Alinsky’s revolution promised that by changing the structure of society’s institutions, it would rid America of such vices as socio-pathology and criminality. Arguing that these vices were caused not by personal character flaws but rather by external societal influences, Alinsky’s worldview was thoroughly steeped in the socialist left’s collectivist, class-based doctrine of economic determinism. “It is not the people who must be judged but the circumstances that made them that way,” declared Alinsky. Chief among these circumstances, he said, was capitalism, or, as he once put it, “the larcenous pressures of a materialistic society.”

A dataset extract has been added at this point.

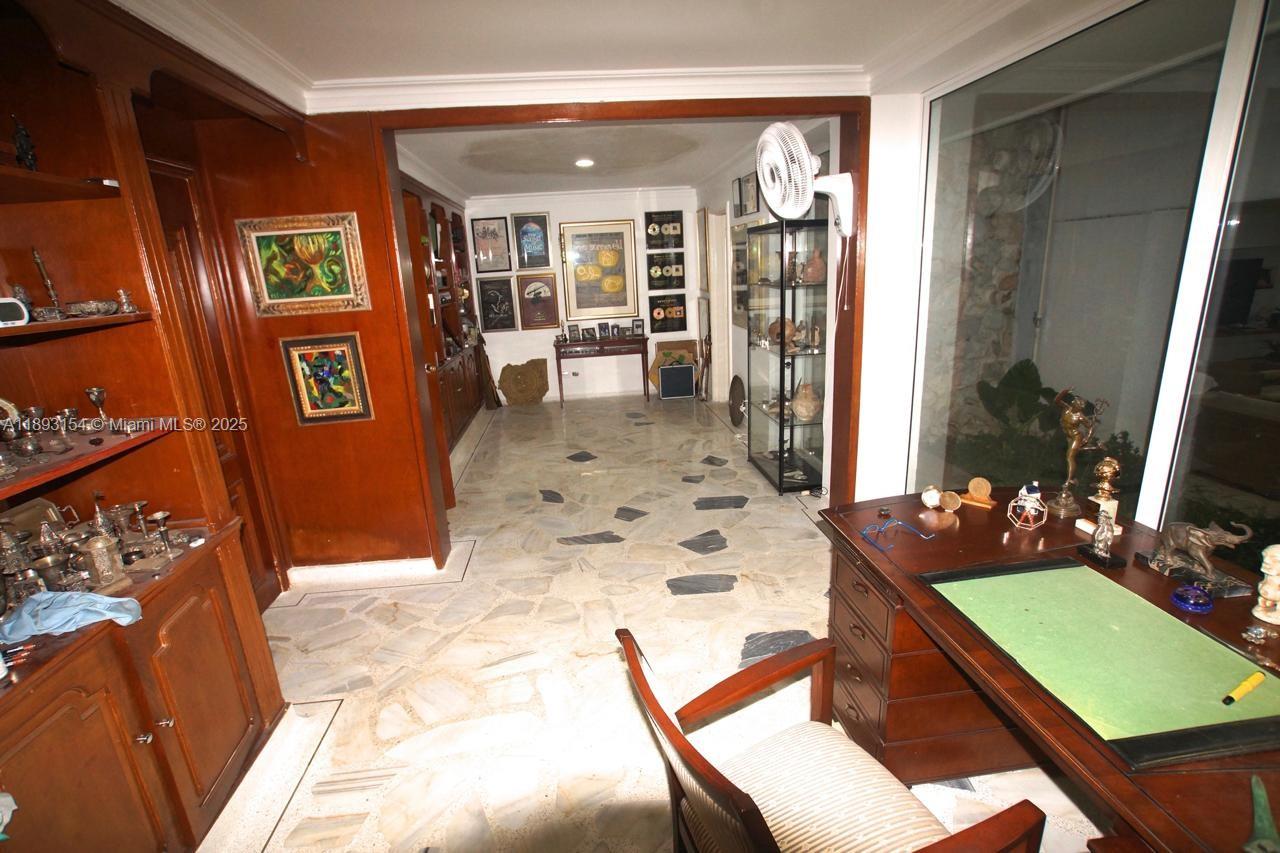 Cra 107 # 15-20 - Esquina Ciudad Jardin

To counter that materialism, Alinsky favored a socialist alternative. To lead society toward that alternative, Alinsky sought to train an army of “community organizers,” whom he affectionately called “radicals.” Finding themselves “adrift in the stormy sea of capitalism,” these radical community organizers would help society “advance from the jungle of laissez-faire capitalism to a world worthy of the name of human civilization.” They would, explained Alinsky, “hope for a future where the means of production will be owned by all of the people instead of just a comparative handful.” In other words, socialism.

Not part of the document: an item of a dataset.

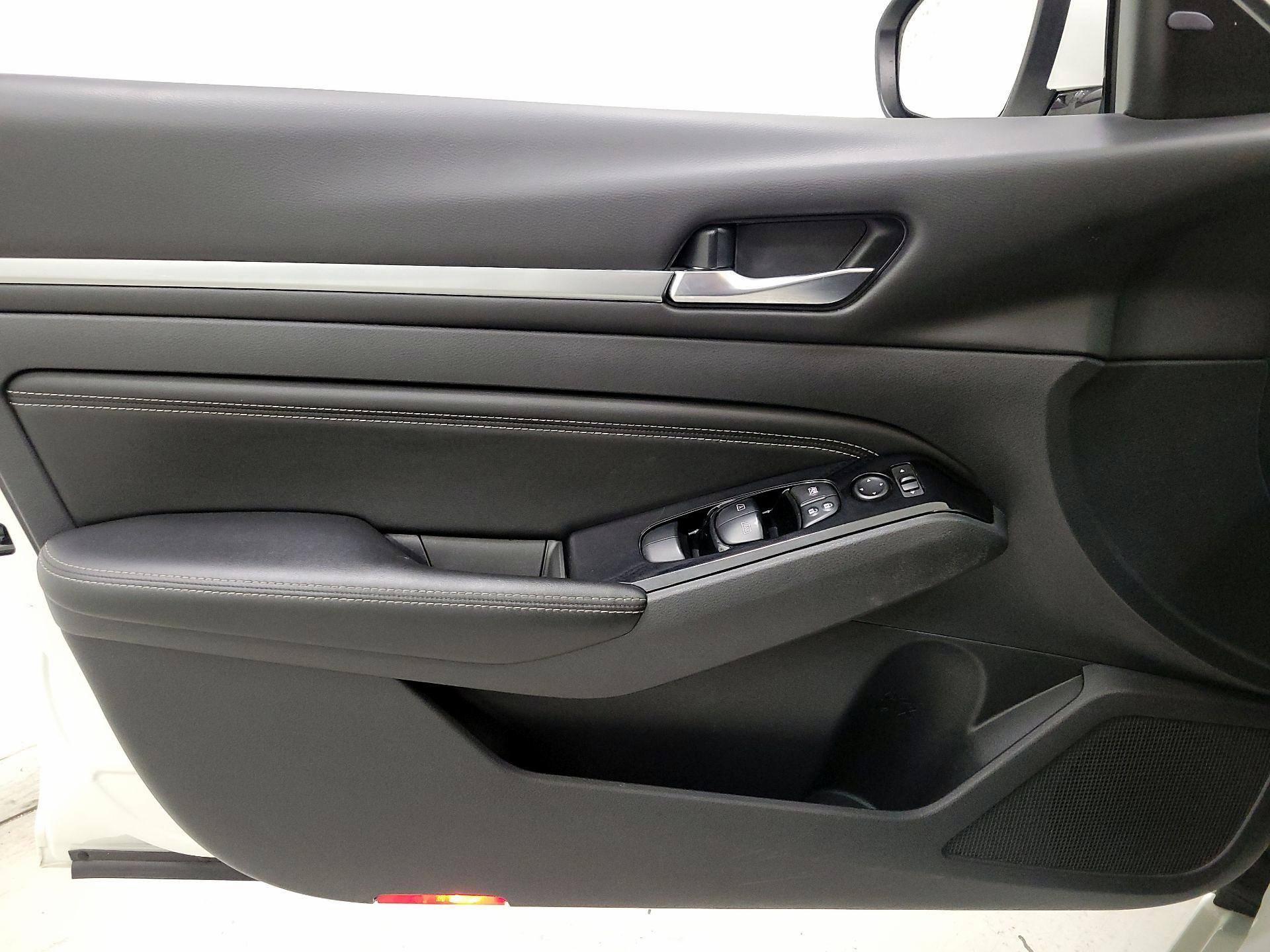 Thumbnail: 2021 Nissan Altima - 12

Alinsky laid out a set of basic principles to guide the actions and decisions of such “community organizers” and the “People’s Organizations” they established. The community organizer, he said, “must first rub raw the resentments of the people; fan the latent hostilities to the point of overt expression. He must search out controversy and issues, rather than avoid them, for unless there is controversy people are not concerned enough to act.” The organizer’s function, he added, was “to agitate to the point of conflict” and “to maneuver and bait the establishment so that it will publicly attack him as a ‘dangerous enemy.’”

Alinsky stressed that community organizers and their followers needed to take care, when first unveiling their particular crusade for “change,” not to alienate the middle class with any type of crude language, defiant demeanor, or menacing appearance that suggested radicalism or a disrespect for middle class mores and traditions. For this very reason, he disliked the hippies and counterculture activists of the 1960s. As Richard Poe puts it: “Alinsky scolded the Sixties Left for scaring off potential converts in Middle America. True revolutionaries do not flaunt their radicalism, Alinsky taught. They cut their hair, put on suits and infiltrate the system from within.”

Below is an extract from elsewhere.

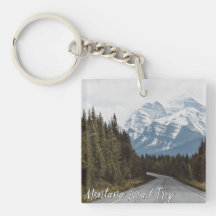 Montanhas cénicos da estrada da viagem por estrada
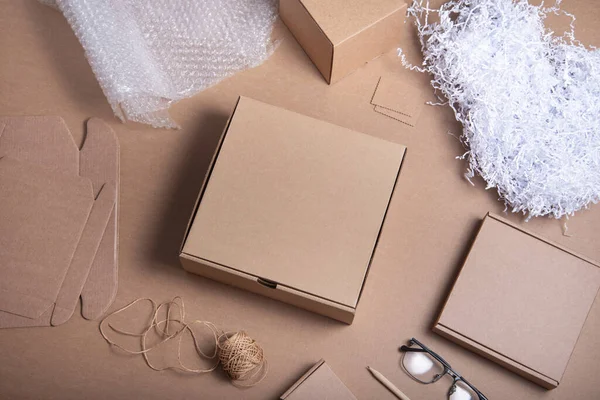 Deponun çalışma yerindeki kahverengi karton kutu.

While his ultimate goal was nothing less than the “radicalization of the middle class,” Alinsky stressed the importance of “learning to talk the language of those with whom one is trying to converse.” “Tactics must begin with the experience of the middle class,” he said, “accepting their aversion to rudeness, vulgarity, and conflict. Start them easy, don’t scare them off.”

In the 1980s Barack Obama was trained as a “community organizer” by three mentors who were trained at the Alinsky-founded Industrial Areas Foundation (IAF) in the Windy City. Though he never met Alinsky personally (the latter died in 1972), Obama developed a reputation as a veritable master of Alinsky’s method. For several years thereafter, Obama himself taught workshops on that method, most notably with the organization ACORN.




Which perfectly sums up Obama's fronting moderate-sounding rhetoric, while in truth pursuing a radical and very destructive agenda, to implement the "radical transformation of America".

Although all too often, a few slips of Obama's true radicalism became abundantly clear in his rhetoric. Narcissistic and zealously revolutionary as he is, just couldn't restrain kneejerking or openly gloating occasionally his true ideology and intent.